• [Task instructions] Copying starts at the line containing "localisation de l'entreprise" and stops after the last line of the records; each line is repeated exactly, and pictures are skipped.

(Web page caption snippets)
::::

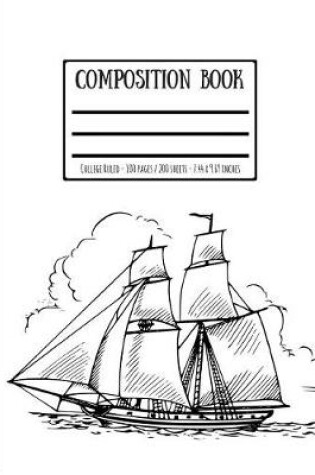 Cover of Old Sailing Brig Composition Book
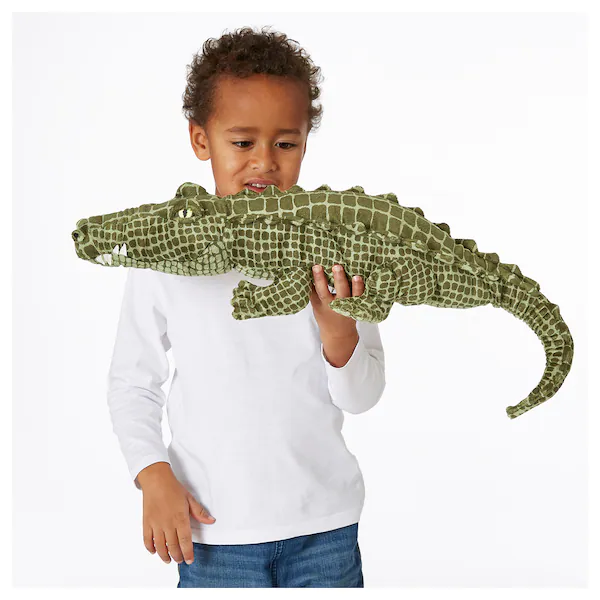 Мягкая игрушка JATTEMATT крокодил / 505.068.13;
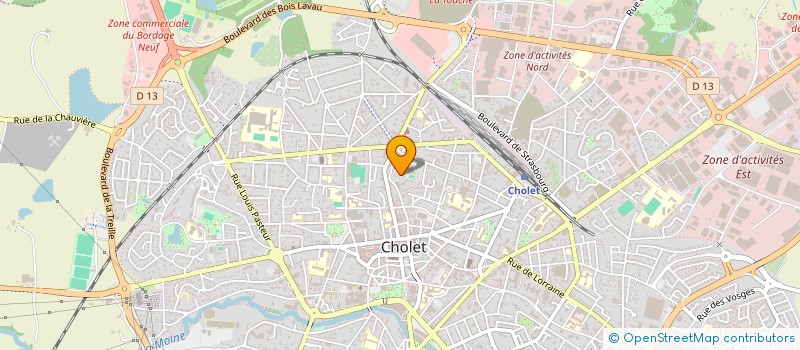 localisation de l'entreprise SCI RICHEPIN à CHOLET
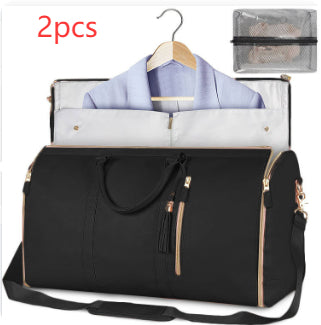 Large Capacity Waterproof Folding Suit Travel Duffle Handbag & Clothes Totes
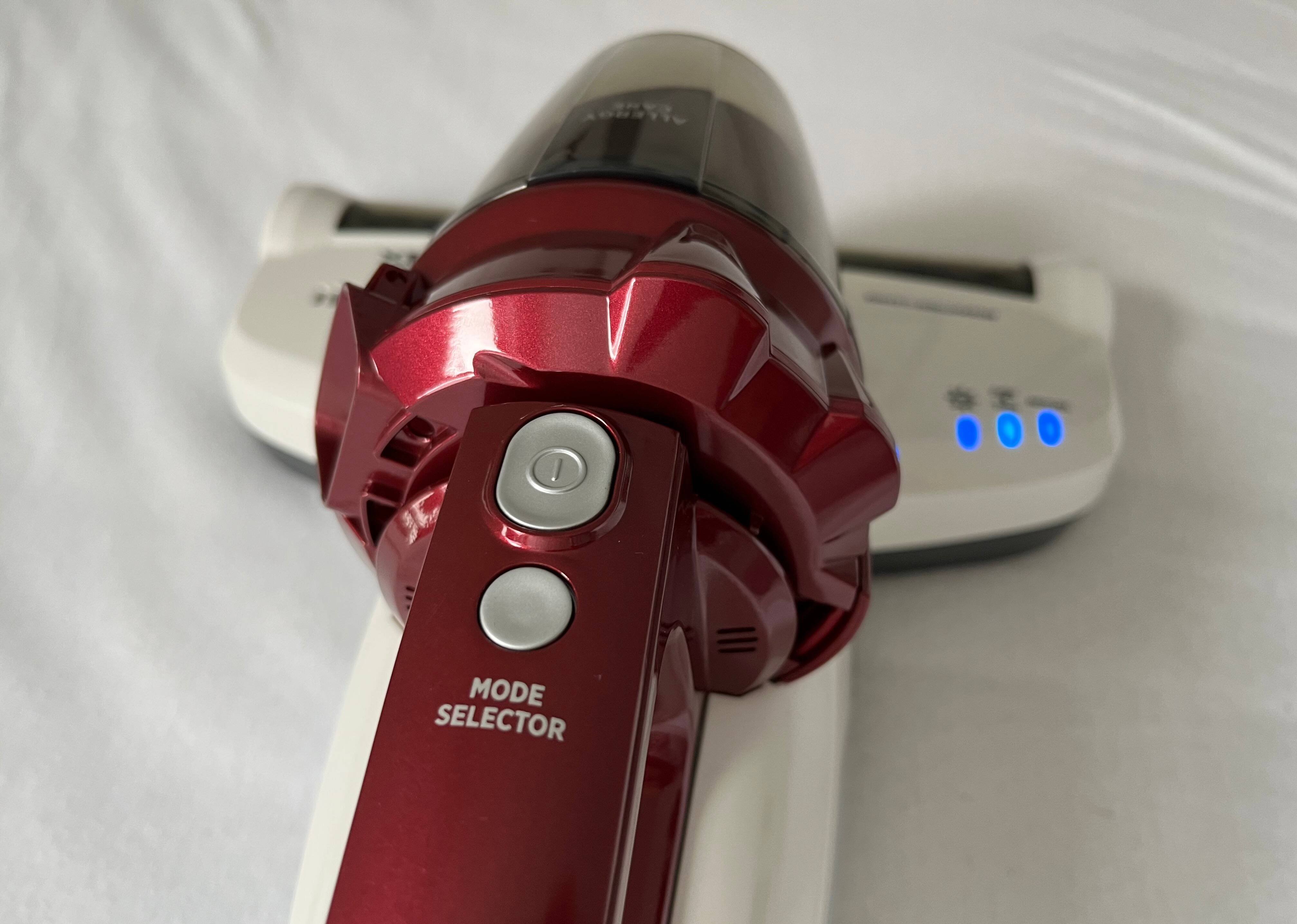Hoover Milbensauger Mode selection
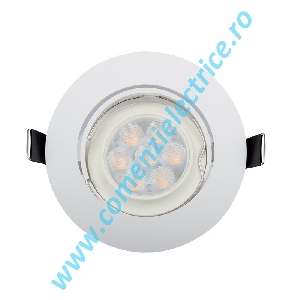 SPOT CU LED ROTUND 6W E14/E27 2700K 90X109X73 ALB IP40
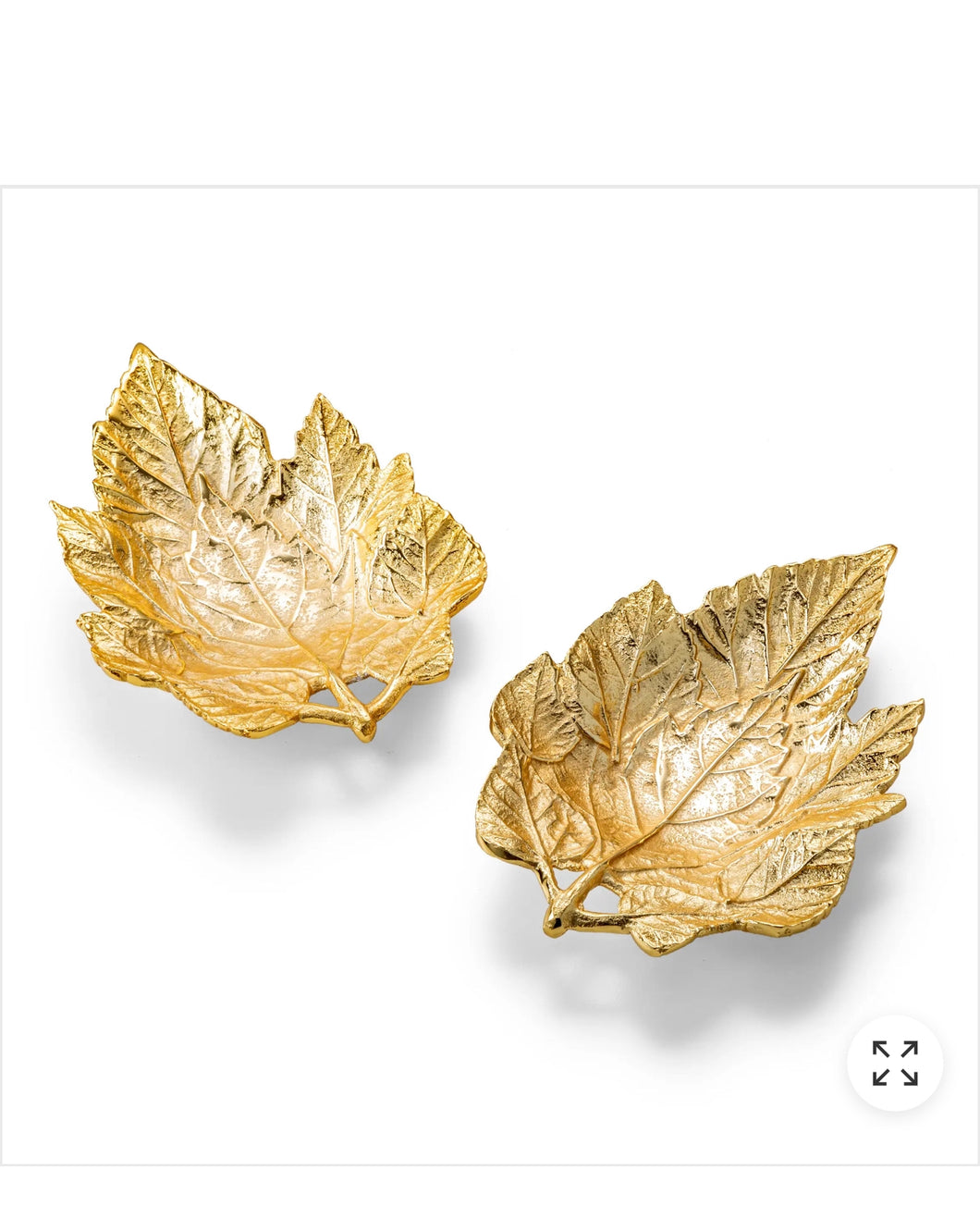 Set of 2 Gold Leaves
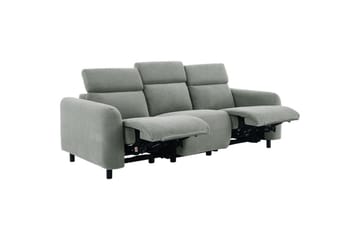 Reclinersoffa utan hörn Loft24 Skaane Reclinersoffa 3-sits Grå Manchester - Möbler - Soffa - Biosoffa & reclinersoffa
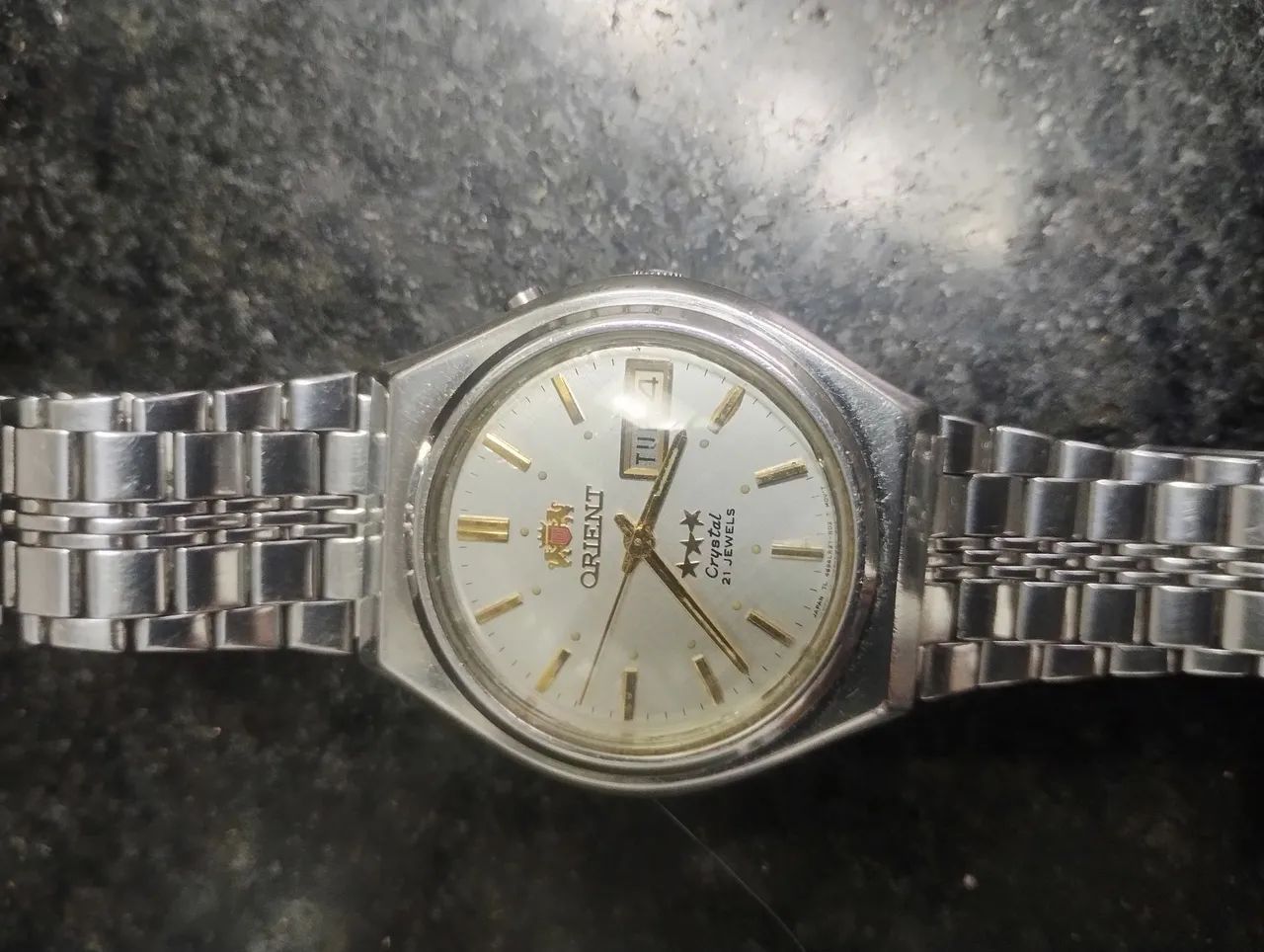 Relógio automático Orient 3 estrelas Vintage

::::

• [Answer area]
 localisation de l'entreprise SCI RICHEPIN à CHOLET
 Large Capacity Waterproof Folding Suit Travel Duffle Handbag & Clothes Totes
Hoover Milbensauger Mode selection
 SPOT CU LED ROTUND 6W E14/E27 2700K 90X109X73 ALB IP40
 Set of 2 Gold Leaves
 Reclinersoffa utan hörn Loft24 Skaane Reclinersoffa 3-sits Grå Manchester - Möbler - Soffa - Biosoffa & reclinersoffa
 Relógio automático Orient 3 estrelas Vintage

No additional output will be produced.